The US Food and Drug Administration has approved the injection for use in patients with metastatic NSCLC with progression on or after platinum-based chemotherapy, or other targeted therapy in those with EGFR mutation or ALK translocation.

Approval came on the back of an interim analysis of data from the Phase III CheckMate-057, which showed that Opdivo demonstrated superior overall survival in the target patient population compared to chemotherapy, with a 27% reduction in the risk of death. Also, median overall survival was 12.2 months versus 9.4 months, respectively.
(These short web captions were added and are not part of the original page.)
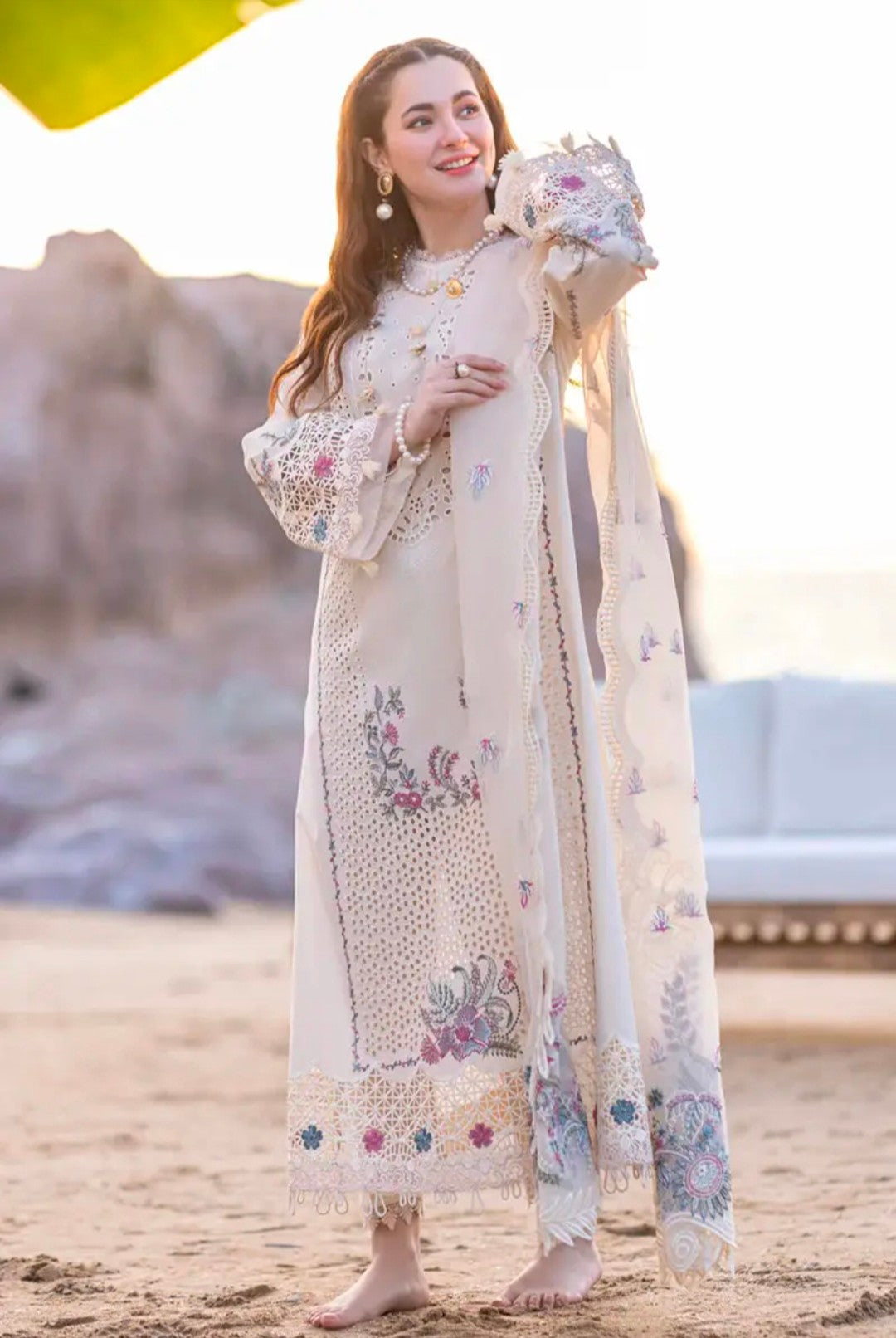 Qalamkar lawn unstitched chicken Kari embroidered
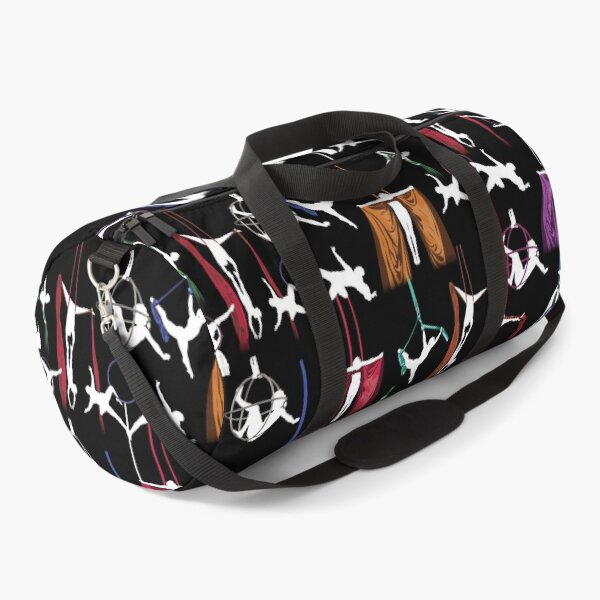cirque silhouette patterns, white Duffle Bag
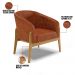 Kit 01 Poltrona e 01 Puff Stella Corano Base Madeira Castanho - D'Rossi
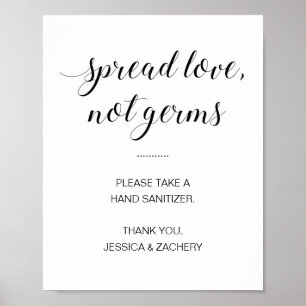 Poster Étaler l'amour non Germes Mariage Sanitizer à la m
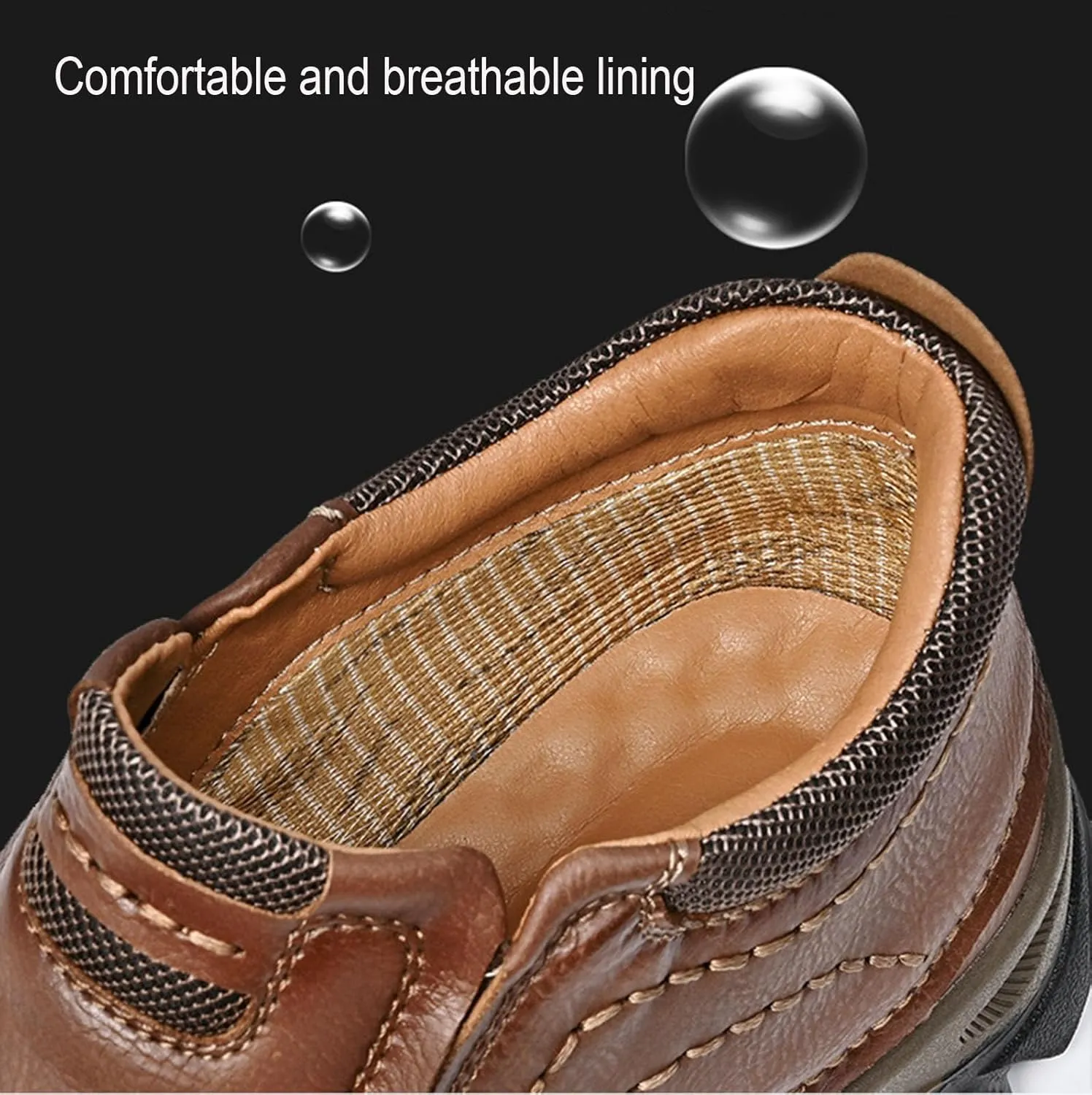 Men's Outdoor Retro Slip On Thick Sole Hiking Shoes Classic Non Slip Leather Adventure Driving Walking Shoes Comfortable Hand Sewn Lefu Shoes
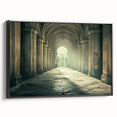 Black and white framed canvas featuring a vintage poster art style landscape with architectural arches.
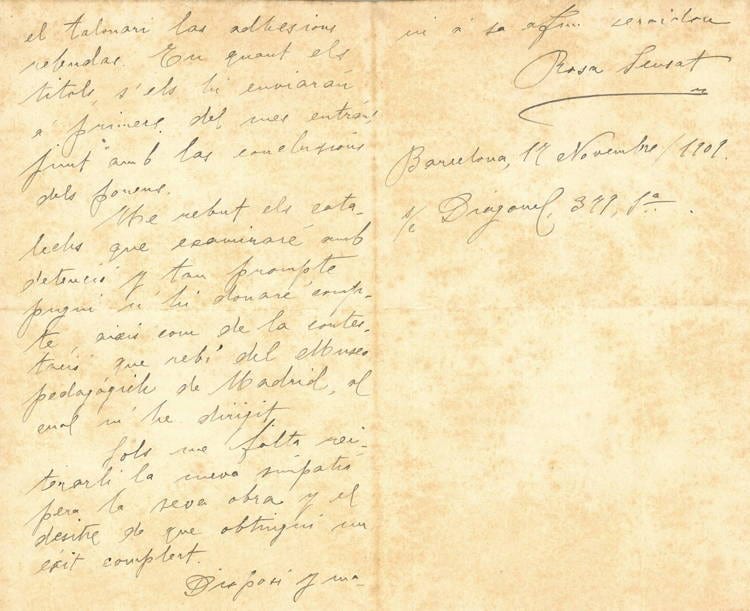 Carta de Rosa Sensat a Francesca Bonnemaison, 17/11/1909. Fons: Institut de Cultura i Biblioteca Popular de la Dona. (CAT AGDB 77)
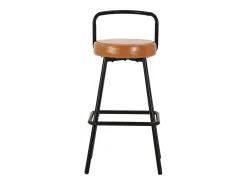 Banco*Merax Conjunto de 4 banquetas de bar - 37 x 37 x 90,5 cm - com encosto e apoio para os pés - em couro PU e pés de ferro - marrom Castanho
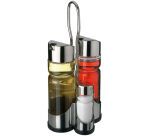 Luxus ménagère en acier inoxydable 4 pièces sel+poivre+huile+vinaigre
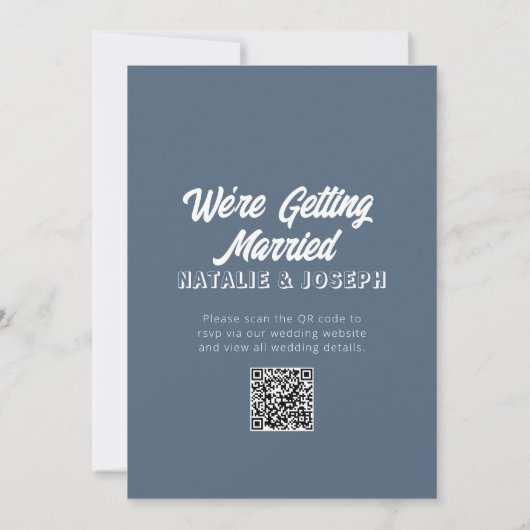 QR Code Dusty Blue Modern Fun Whimsical Wedding Einladung (Rückseite)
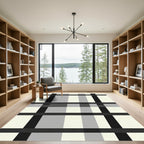 Black and White Plaid Geometric Rug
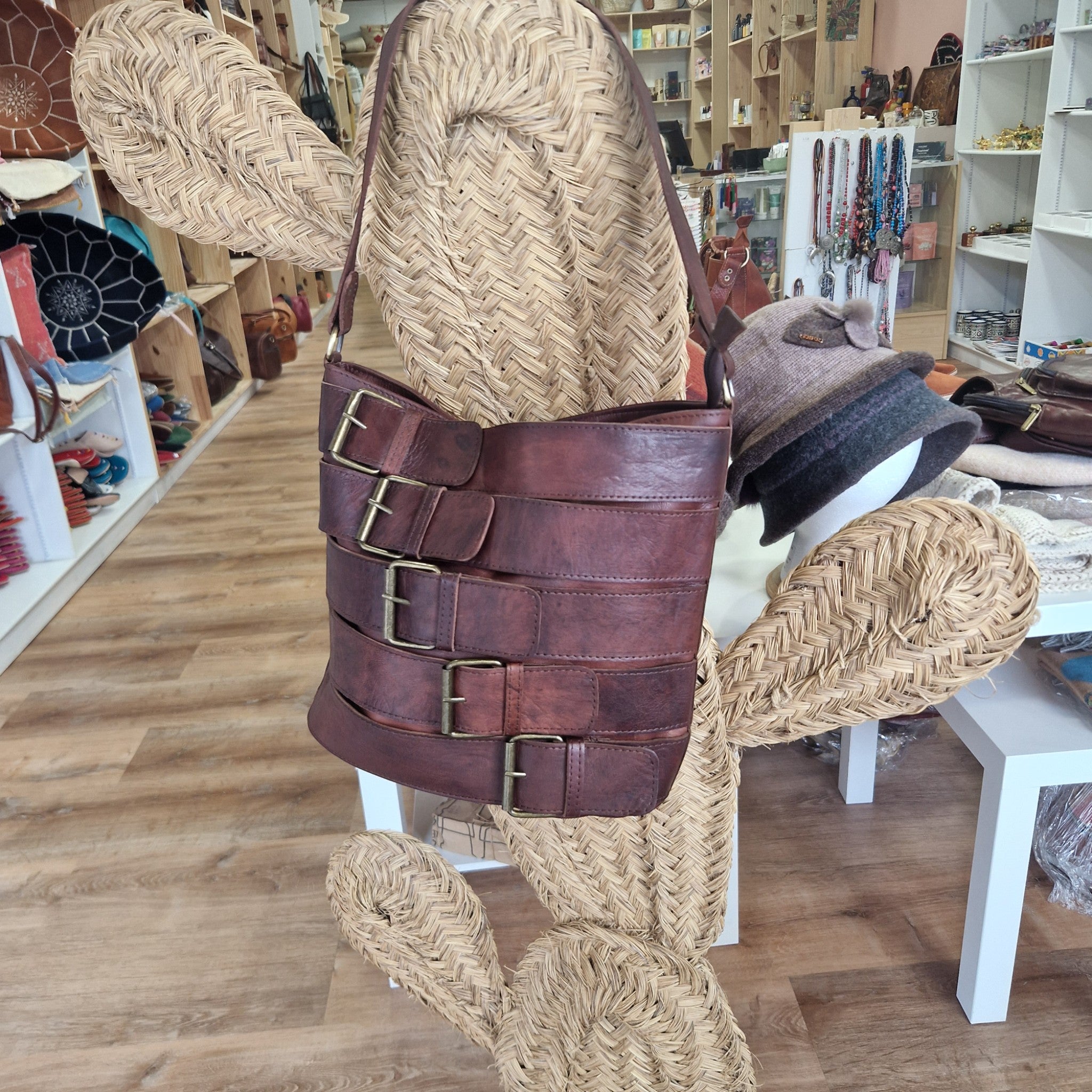 Leather Handbag of Buckle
Squamous and non-squamous NSCLC together represent approximately 85%-90% of cases of lung cancer - a notoriously difficult to treat disease with a high mortality rate - and Opdivo is now the only PD-1 inhibitor approved in both types regardless of PD-L1 expression.

Murdo Gordon, senior vice president and head of Worldwide Markets, Bristol-Myers Squibb, said it is “encouraging to know that Opdivo will be available to significantly more patients with metastatic NSCLC, helping to improve treatment outcomes for patients who have been previously treated”.

In the US, the PD-1 checkpoint inhibitor was first approved in December last year as a second-line treatment for advanced melanoma, followed by a green light in March in the squamous NSCLC setting. BMS has also filed Opdivo as a first-line therapy for melanoma, a decision for which is expected by the end of November.

If successful in all its proposed indications, analysts believe the drug could pull in peak annual sales of as much as $7 billion.